Jump to: navigation, search

Contents

The problem

A GID represents a sample of germplasm – but which one? It should be obvious that this is a really fundamental issue: we absolutely must be able to know unambiguously what germplasm corresponds to what record in the database. Otherwise it’s pointless keeping the database. Yet this is often difficult or even impossible in ICIS databases.


Consider the name “IRGC 328”. It is an accession ID, assigned by the rice genebank at IRRI to identify one of its accessions. But a search in IRIS for “IRGC 328” returns many GIDs with the same name. Which one represents the IRRI accession, and which ones represent copies of that accession held by others? Even the holder of the germplasm has difficulty knowing which GIDs represent its own samples. In fact at the moment the only way a user can unambiguously identify which GIDs represent the his/her own germplasm is to keep a look-up table in an independent database – a list of the user’s germplasm samples in one column with the corresponding GID in a separate column. This constitutes a serious problem with ICIS.
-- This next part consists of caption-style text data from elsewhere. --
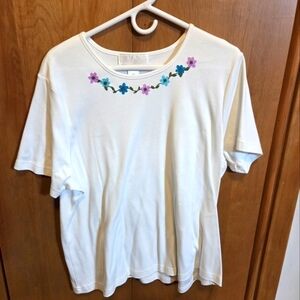 Susan Graver White Tee with Floral Embroidery
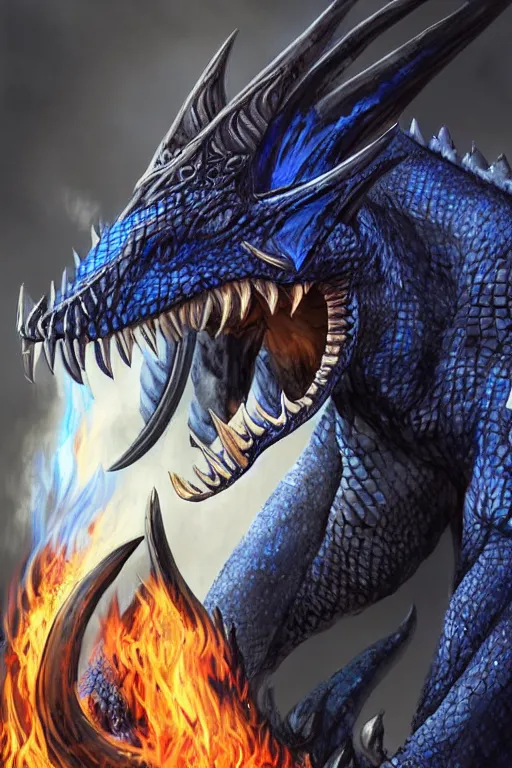 Prompt: a D&D character of a dark blue dragonborn with large tusks, only half of his face flaming with blue flame, he wears a black dragon scales armor, D&D art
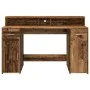 Schreibtisch mit LED-Beleuchtung, verwittertes Holz, 140x55x91 cm. von , Schreibtische - Ref: Foro24-3309427, Preis: 189,49 €...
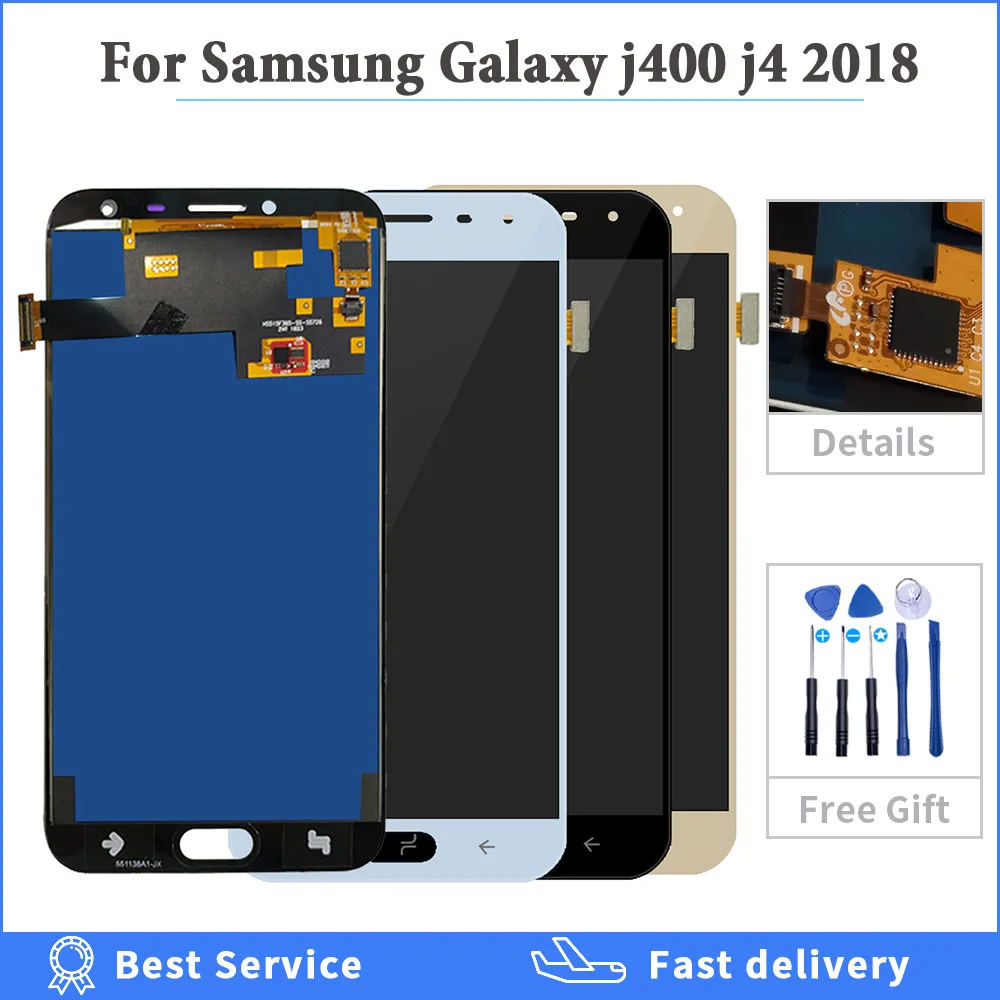 ЖК-дисплей Amoled J400 для Samsung Galaxy J4 2018 сенсорная панель дигитайзер в сборе ЖК-экран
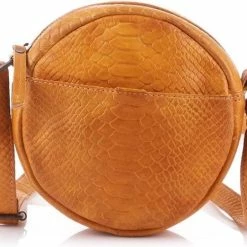 Kopen 💯 Begroting 🥰 Bear Design Ronde Schoudertas Kiara Oker Geel 🔥 🔔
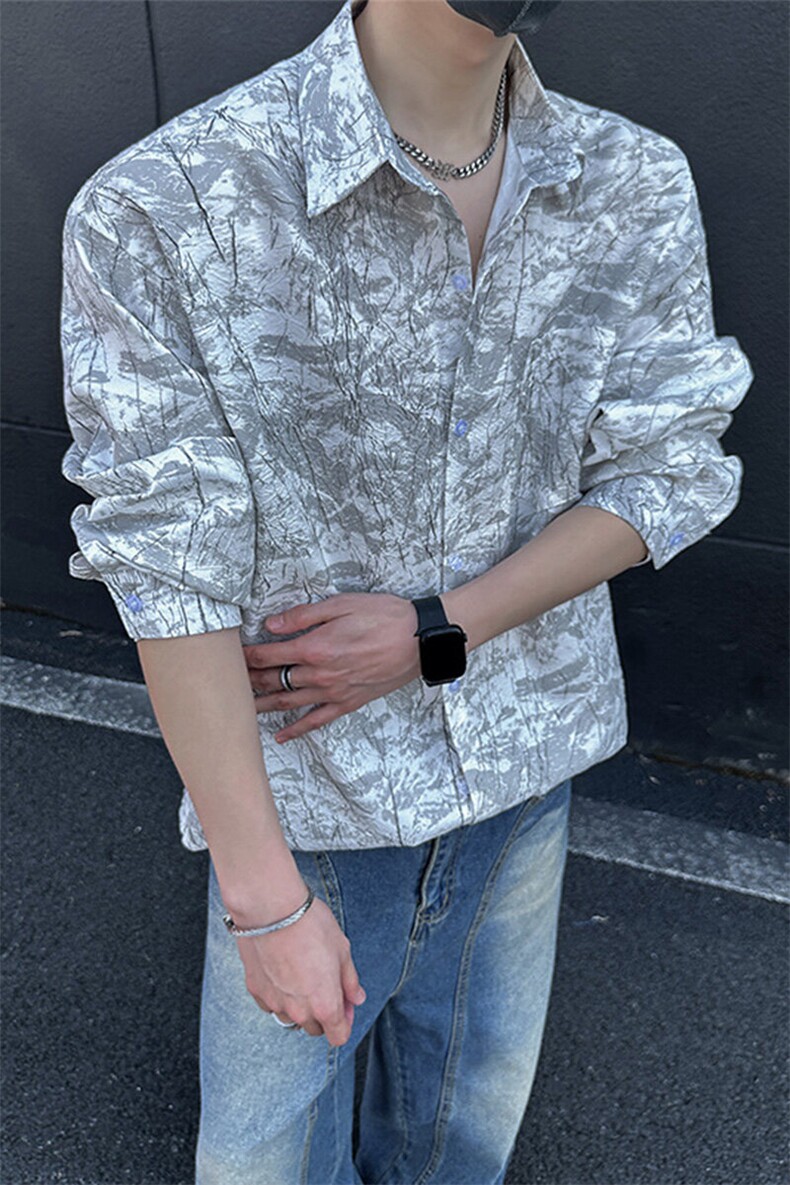 美式高街宽松衬衫潮流休闲上衣A086-CS2206-P40,男装衬衫,电商基地A086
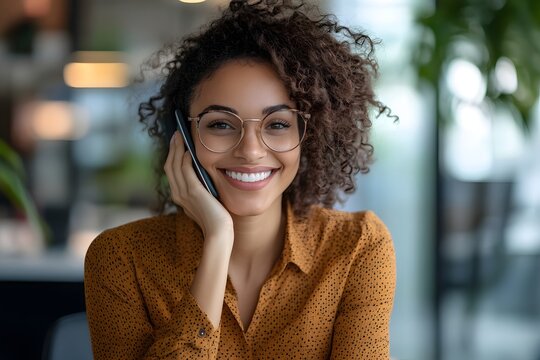 Happy woman with curly hair and glasses talking on a smartphone in a bright office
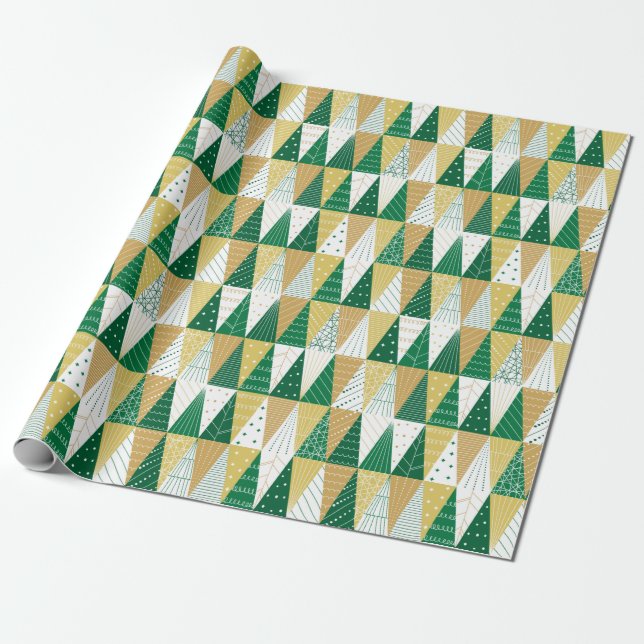 Papel De Regalo Árboles de Navidad verdes y dorados (Desenrollado)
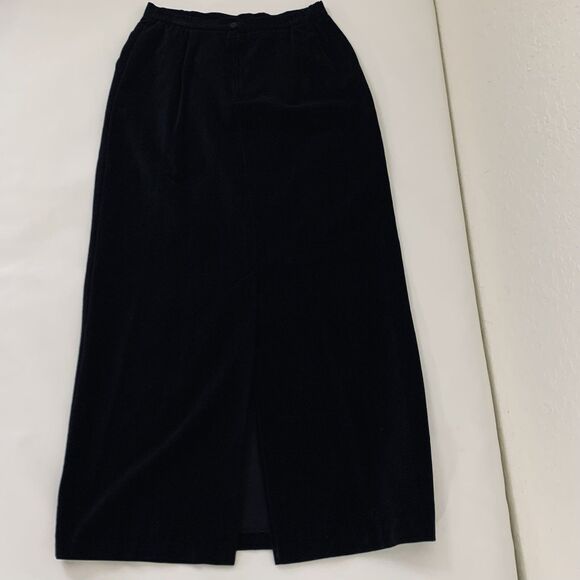 Vintage Velvet Maxi Skirt Black Pleats Pockets Stretch Rodeo Whimsygoth Western - Picture 2 of 12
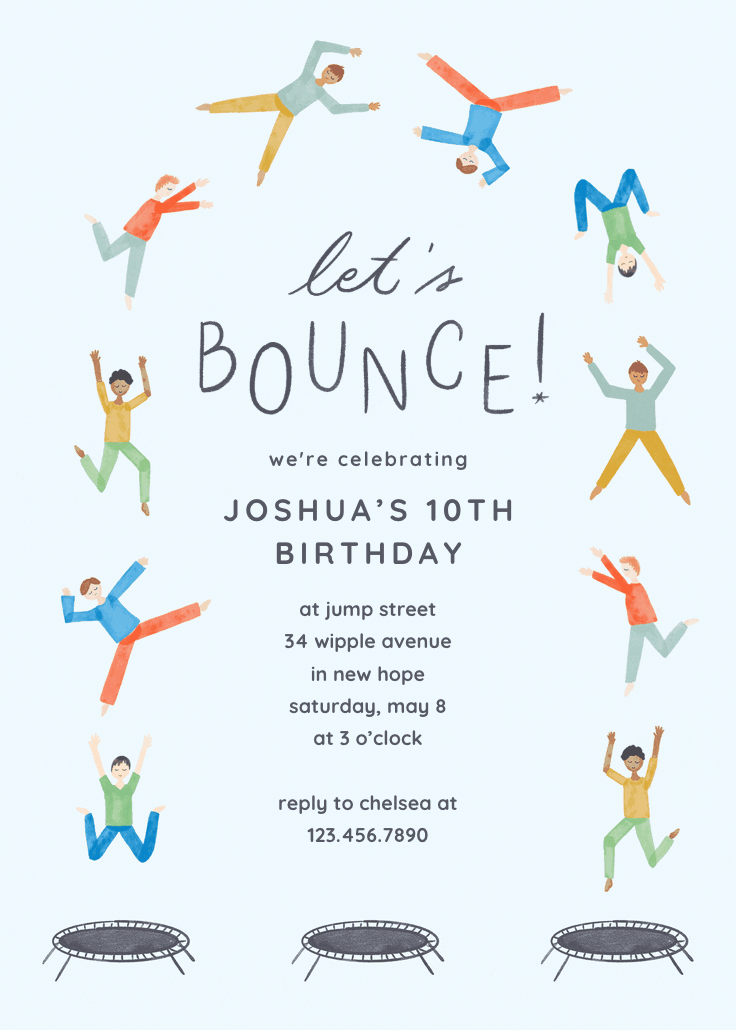 Jump birthday party - birthday invitation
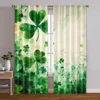 2pcs, Curtains 2D print Green Vitality Durable 100% Polyester Fabric (without rod) Thermal Insulation, and Room Darkening 1
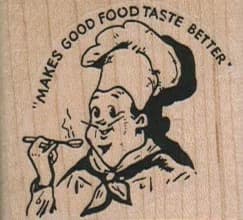 Chef Tasting From Spoon With Saying 1 3/4 X 1 1/2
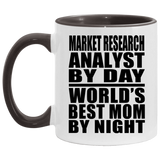 Market Research Analyst By Day World's Best Mom By Night - 11oz Accent Mug Black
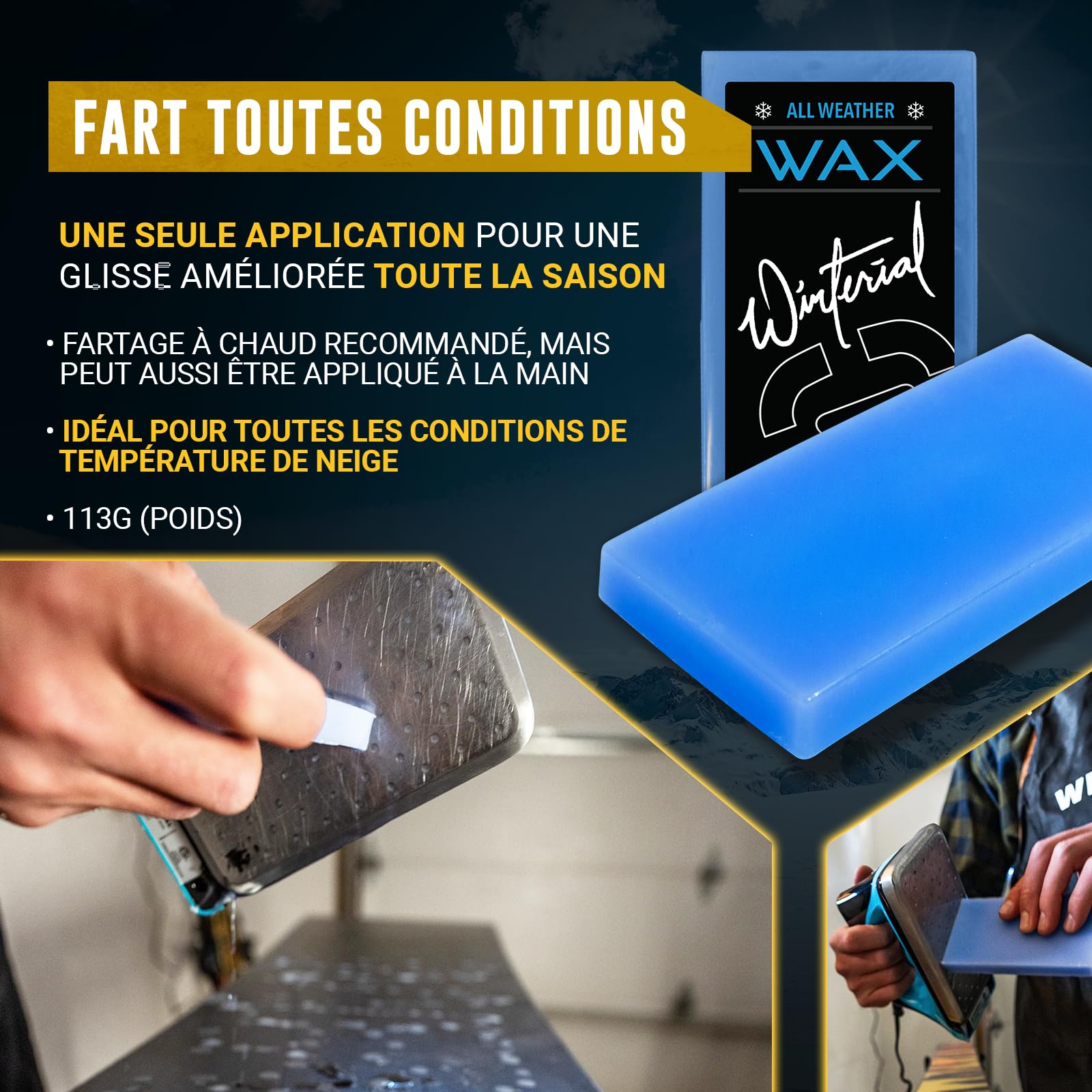 Kit de réglage Snowboard Ski Winterial avec Fer, Cire Toutes températures, Lime Bords coudés, PTEX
The difficulty is even greater when a user needs to know about GIDs representing samples that are not under that user’s management – an independent LUT managed by the user is clearly impossible. This is one of the major reasons for the presence of so many errors - users choose the wrong GID (e.g. assigning incorrect values to GPID1 and GPID2 to their own GIDs) because they can do little more than guess at what those GIDs represent.

The semantics of determining what a GID represents

“IRGC 328” would be a unique ID in a database containing only data on IRRI’s genebank accessions, but not in a database containing data on other germplasm as well. It needs something else to identify it as an accession from IRRI’s genebank. Since ICIS databases also contain data on many other types of germplasm, not only genebank accessions, it also needs something else to identify it as an accession (not, e.g. a sample collected from a farmer’s field, an entry in an international nursery, etc).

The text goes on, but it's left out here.